Tensions between Britain and Beijing have grown increasingly strained after China enforced the controversial Hong Kong security law.
The new legislation has been globally slammed and Prime Minister Boris Johnson publicly condemned the move by Chinese authorities.
Washington has also seen its relationship with Beijing deteriorate over recent weeks.
Autonomous weapons called to be banned
President Donald Trump and continually blamed the Communist nation for the deadly pandemic and criticised the World Health Organisation for being to “China-centric”.
Beijing and Washington have also increased their military presence in the South China Sea region amid fears of an outbreak of war.
While the likes of Moscow has come under scrutiny following the Russian report which suggested the Kremlin has had some involvement with UK democracy.
Although claiming it would “difficult – if not impossible – to prove” allegations Moscow tried to influence the Brexit vote from 2016, the report lashed out at the government for failing to recognise a threat posed by the Kremlin.
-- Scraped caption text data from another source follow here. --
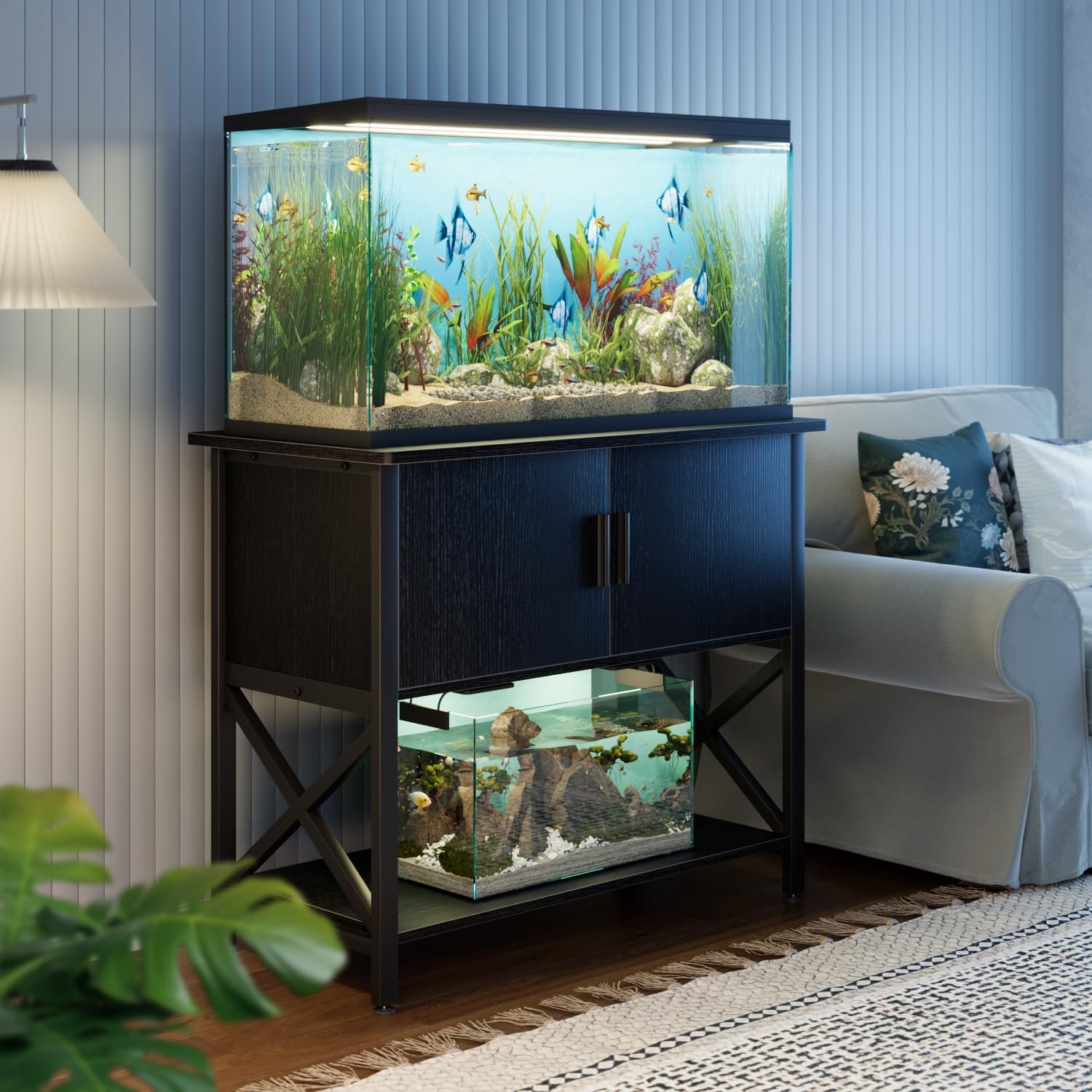 APPOLYN 40-50 Gal Aquarium Stand with Cabinet Storage, Black | 36.6″Lx18.9″W, Fish Tank Stand, Metal Frame, Adjustable Feet, Turtle Reptile Tank Stand, Easy Assembly, Living Room, Office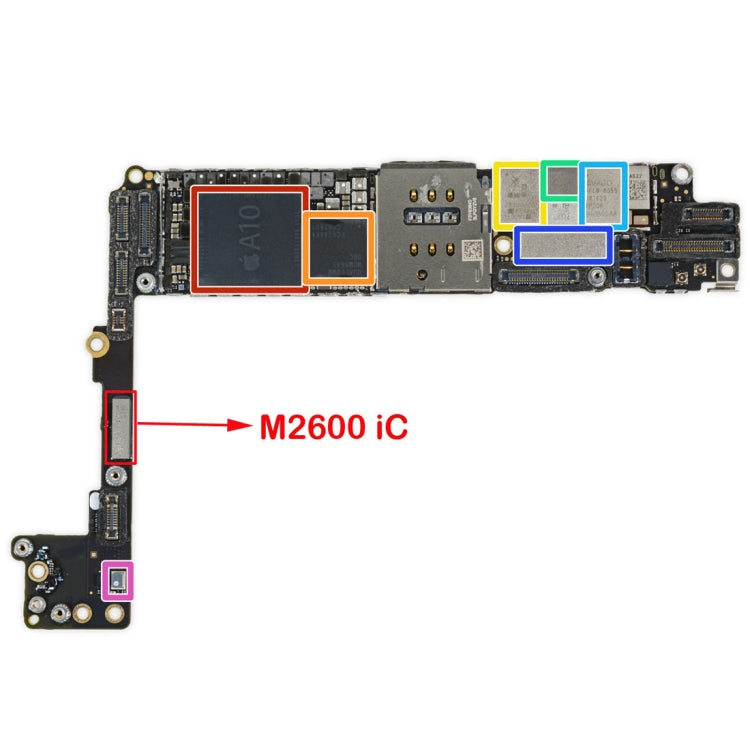 Modulo flash fotocamera IC M2600 per iPhone 7, M2600 for 7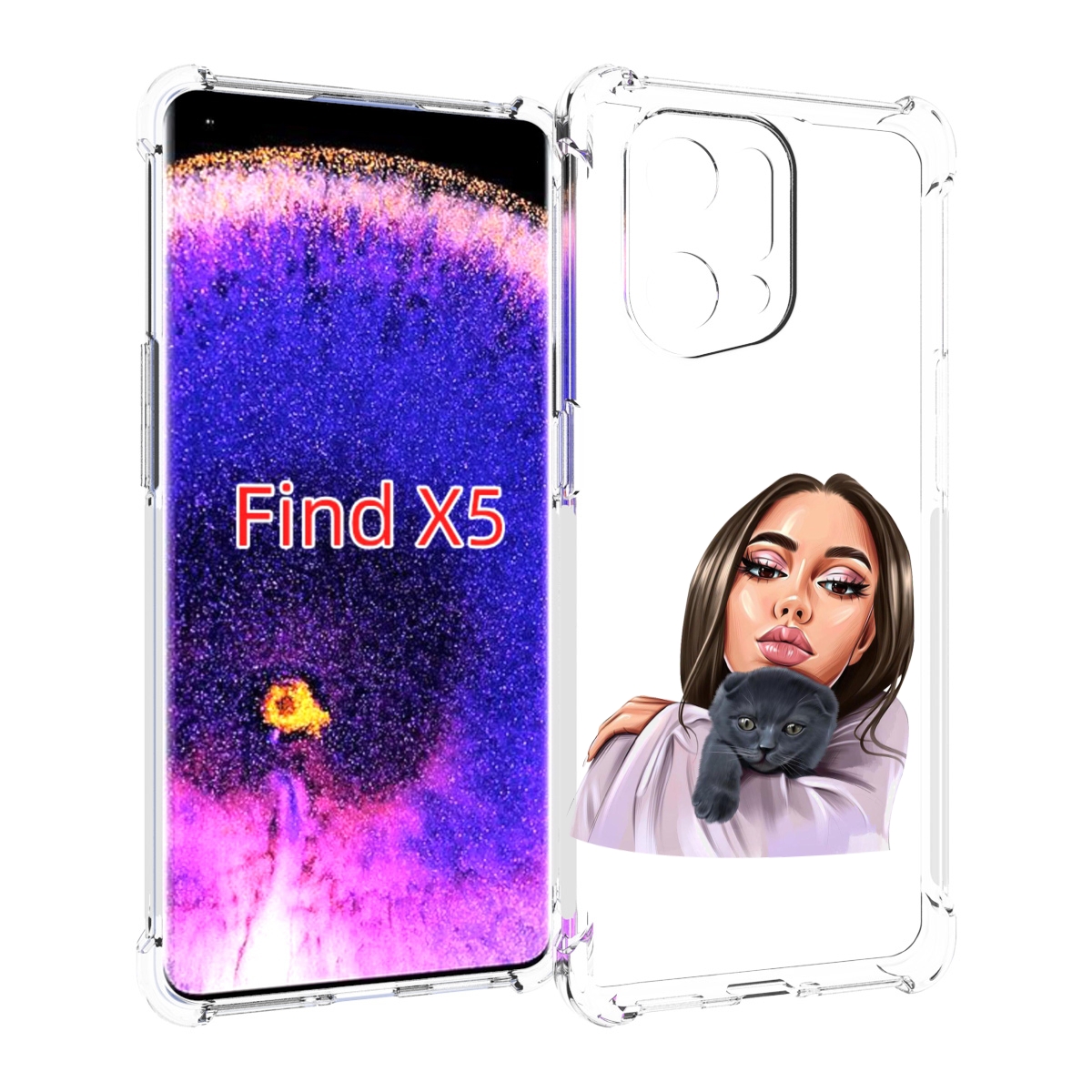 

Чехол MyPads нарисованная-девушка-с-котом женский для Oppo Find X5, Прозрачный, Tocco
Donald Trump has heavily criticised China
The Investigation and Security Committee (ISC) report said: “It is nonetheless the Committee’s view that the UK Intelligence Community should produce an analogous assessment of potential Russian interference in the EU referendum and that an unclassified summary of it be published.”
Andy Barratt, UK managing director of cybersecurity consultancy Coalfire, previously told Express.co.uk: “While ‘election tampering’ makes for good headlines, it’s almost certainly not the most critical cyber threat we face from foreign powers.
“There is a clear need for the government to drive the adoption of better security standards, not just in the public sector but across the private businesses that make up so much of the country’s critical infrastructure as well.
“As a country, we have to find a balance between being openly critical of other nations’ use of offensive cyber tactics while simultaneously pushing forward the capabilities we need to defend ourselves.”